◆ Exercise
Go through the following data and transcribe exactly the stretch of lines from the one holding "0101/07 Ponyta" to the one holding "Kleurrijke gouden vissen", both included.

◆ Supplied entries
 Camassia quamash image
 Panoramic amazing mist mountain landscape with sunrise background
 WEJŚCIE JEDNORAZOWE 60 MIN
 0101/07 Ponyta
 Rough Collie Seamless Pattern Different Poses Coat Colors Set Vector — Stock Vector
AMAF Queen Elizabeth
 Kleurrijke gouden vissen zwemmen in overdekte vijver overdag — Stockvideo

---

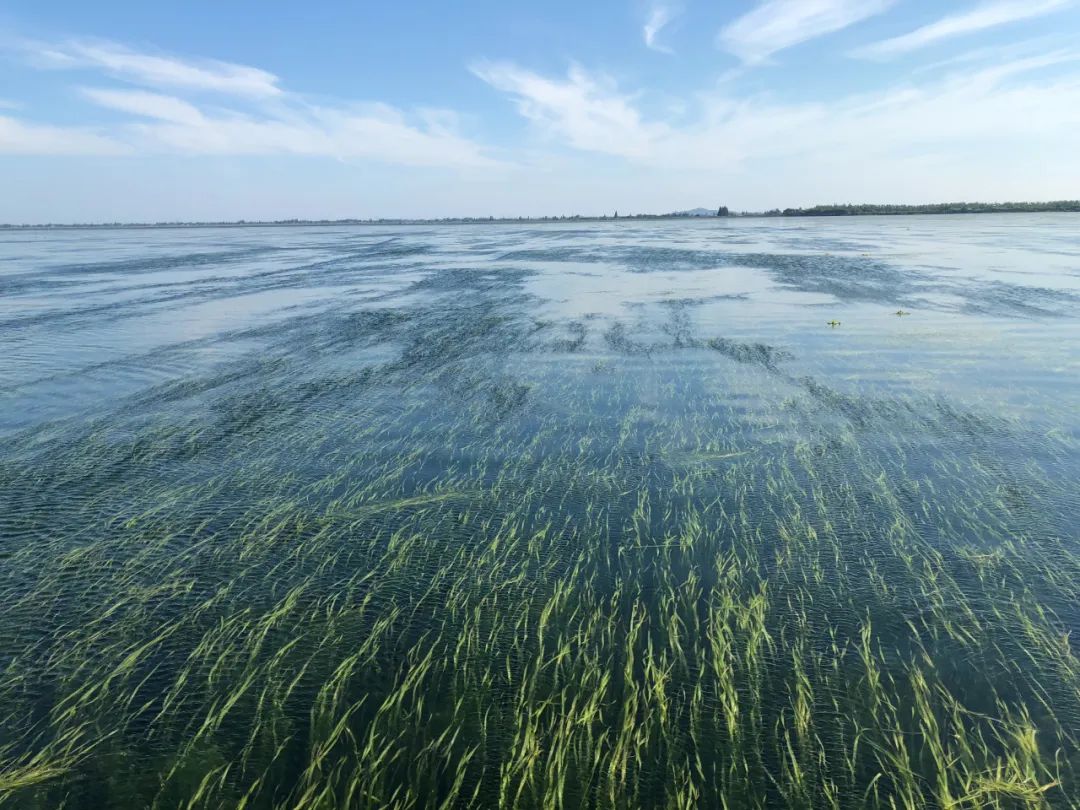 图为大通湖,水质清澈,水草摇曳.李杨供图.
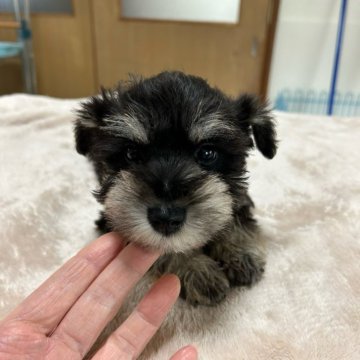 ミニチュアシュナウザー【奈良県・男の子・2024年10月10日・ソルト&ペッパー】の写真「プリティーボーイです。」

◆ Response area
 0101/07 Ponyta
 Rough Collie Seamless Pattern Different Poses Coat Colors Set Vector — Stock Vector
AMAF Queen Elizabeth
 Kleurrijke gouden vissen zwemmen in overdekte vijver overdag — Stockvideo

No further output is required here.